For convenience and to facilitate comparison, all outcomes were converted to a scale running from 0 to 100.

DISCUSSION

In this study of 45 articles about the treatment of acute, predictable, and identifiable pain in children in ED, a reduction in pain scores that was considered statistically or clinically relevant was described in half of the studies. Even after successful interventions, the mean pain score reported was still elevated, indicating persisting pain. In only 4 articles, the authors mentioned the absence of pain as an important outcome.

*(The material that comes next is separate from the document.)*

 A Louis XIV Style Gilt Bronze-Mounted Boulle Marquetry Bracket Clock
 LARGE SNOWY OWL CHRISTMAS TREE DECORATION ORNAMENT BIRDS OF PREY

Experiencing pain has negative effects in both the short and the long term. It is widely recognized that pain should be treated effectively and immediately. Many methods to treat pain have been studied, and not only pharmacological interventions have been evaluated. Some studies showed admirable creativity in introducing original nonpharmacological methods, such as medical clowns, cold, bubble blowing, and music. However, of these 25 nonpharmacological methods, only 6 (24%) resulted in a statistically significant reduction in pain.

Measuring the severity of pain in children is not easy; to date, there are no simple and reliable methods. In 1 study, one of the outcome measurements of successful pain management in venous cannulation was the reduction in the number of adults needed to hold the fighting child.6 This is not a sensitive parameter.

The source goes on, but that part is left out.